# Work to complete
Retype the listing found below exactly, but leave out each picture.

# Data extract
━━━━━━━━━━━━━━━━━━━━

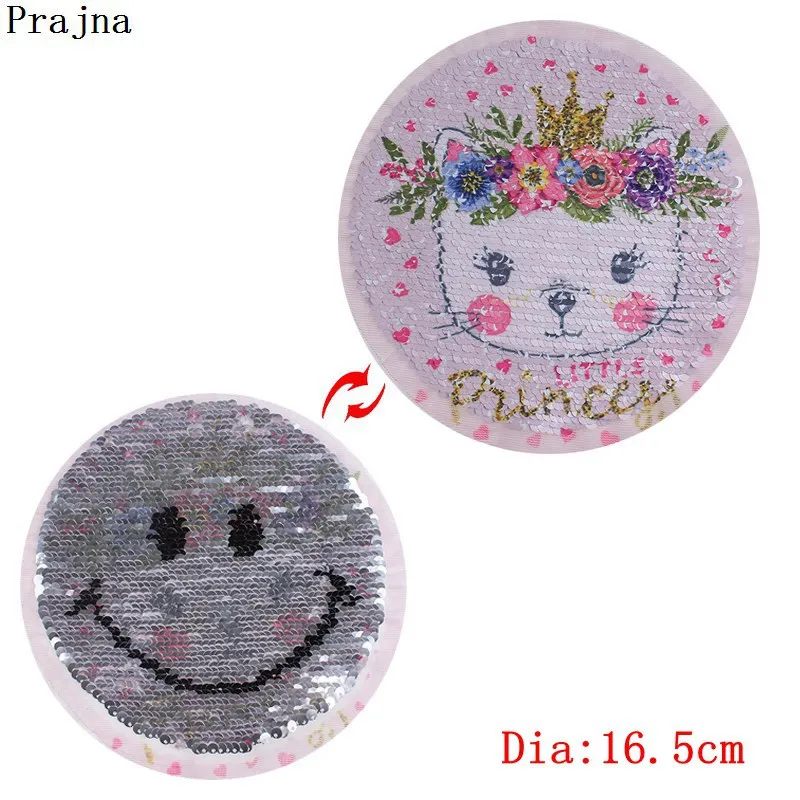 DB0351CT (2)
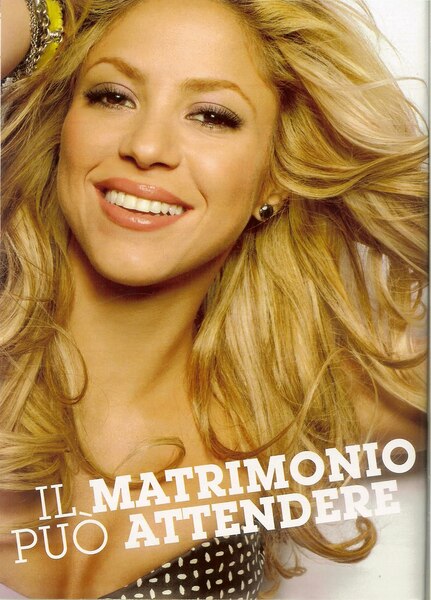 cosmopolitanitalia1.jpg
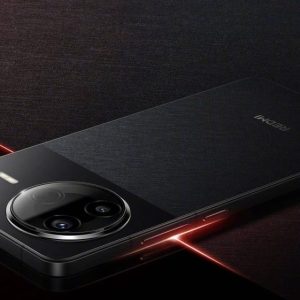 Xiaomi Redmi K80 Price in Pakistan & Specifications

━━━━━━━━━━━━━━━━━━━━

# Written solution
 DB0351CT (2)
 cosmopolitanitalia1.jpg
 Xiaomi Redmi K80 Price in Pakistan & Specifications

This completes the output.